The conjoining of dynamical systems and deep learning has become a topic of great interest. In particular, neural differential equations (NDEs) demonstrate that neural networks and differential equation are two sides of the same coin. Traditional parameterised differential equations are a special case. Many popular neural network architectures, such as residual networks and recurrent networks, are discretisations. NDEs are suitable for tackling generative problems, dynamical systems, and time series (particularly in physics, finance, ...) and are thus of interest to both modern machine learning and traditional mathematical modelling. NDEs offer high-capacity function approximation, strong priors on model space, the ability to handle irregular data, memory efficiency, and a wealth of available theory on both sides.

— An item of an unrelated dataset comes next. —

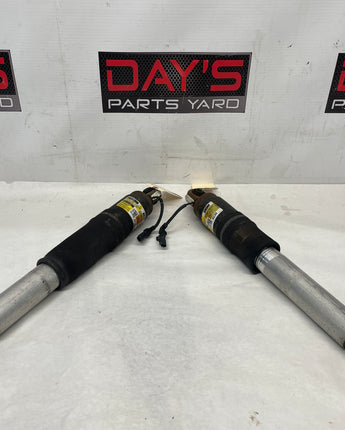 2018 Cadillac Escalade RH & LH Rear Air Ride Shock Strut Absorber OEM 42k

This doctoral thesis provides an in-depth survey of the field. Topics include: neural ordinary differential equations (e.g. for hybrid neural/mechanistic modelling of physical systems); neural controlled differential equations (e.g. for learning functions of irregular time series); and neural stochastic differential equations (e.g. to produce generative models capable of representing complex stochastic dynamics, or sampling from complex high-dimensional distributions). Further topics include: numerical methods for NDEs (e.g. reversible differential equations solvers, backpropagation through differential equations, Brownian reconstruction); symbolic regression for dynamical systems (e.g. via regularised evolution); and deep implicit models (e.g. deep equilibrium models, differentiable optimisation). We anticipate this thesis will be of interest to anyone interested in the marriage of deep learning with dynamical systems, and hope it will provide a useful reference for the current state of the art.